平成10年度試行的事業の二次判定で「自立」から「要支援」に変更された者の有所見項目数

項目数 人数 割合 累積割合
0 2 1.2% 1.2%
1 0 0.0% 1.2%
2 6 3.6% 4.8%
3 6 3.6% 8.4%
4 10 6.0% 14.5%
5 8 4.8% 19.3%
6 7 4.2% 23.5%
7 10 6.0% 29.5%
8 16 9.6% 39.2%
9 16 9.6% 48.8%
10 13 7.8% 56.6%
11 10 6.0% 62.7%
12 11 6.6% 69.3%
13 14 8.4% 77.7%
14 8 4.8% 82.5%
15 6 3.6% 86.1%
16 5 3.0% 89.2%
17 5 3.0% 92.2%
18 5 3.0% 95.2%
19 2 1.2% 96.4%
20 2 1.2% 97.6%
21 2 1.2% 98.8%
22 1 0.6% 99.4%
23 0 0.0% 99.4%
24 1 0.6% 100.0%
合計 166 100.0% 100.0%
※平成10年度試行的事業から無作為に抽出した16,380例を対象としている。

 この処理方法は図らずも厚生省の作った一次判定ソフトのお粗末度を露呈している。1分を境に介護保険給付が受けられるかどうかという大切なところの振り分けにおいても、まったくもって機能していないのです。
 要するに73項目のチェック項目のうち3項目以下のチェックであれば「自立」、10項目以上であれば「要支援」に判定するというのは、あまりにもいい加減です。何故かというと、そのチェックは73項目のうちいずれでもよく、またその程度にも関係ないのです。言い換えれば数だけで判定し、その中身(障害の程度、介護の手間)は全然考慮していないということです。
 厚生省は従来から個々のチェックの有無あるいはその程度は要介護度を左右するものではないと言っていながら、この大切な部分を、チェックの数だけで振り分けているのです。そんなことは厚生省だってまずいことは知っています。それでもこのような処理をしなければいけないほどこのプログラムはオンボロということです。

 もう一つ付け加えますと、この不具合は「自立」と「要支援」の振り分けに限ったことではないのです。すなわち要介護度判定において7つのランクに分けられるほどの精度は到底ないということです。チェックの箇所やその程度が複雑に組合わさるほど、その精度は落ちてくるのです。。

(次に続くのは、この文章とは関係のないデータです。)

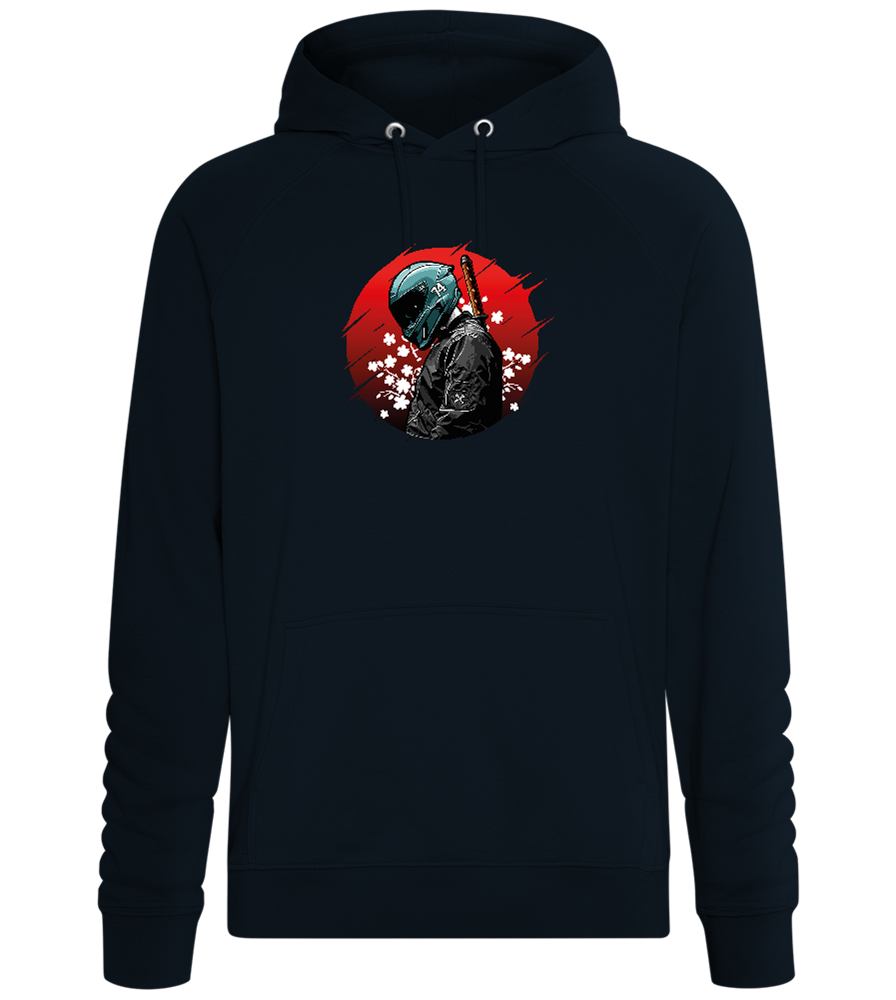 Red Samurai Design - Comfort unisex hoodie_BLACK_front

 ですからこの一次判定ソフトで介護の手間を図るとすれば、「ほとんど介護の手間を要しない」、「ほどほどに介護の手間を要する」、「かなりの介護の手間を要する」位の3ランクがいいところでしょうか。

 一刻も早い一次判定ソフトのお蔵入りと、状態像の例を基準とした認定審査の確立をなくして、公平・公正な介護認定はあり得ないという理由はここにあるのです。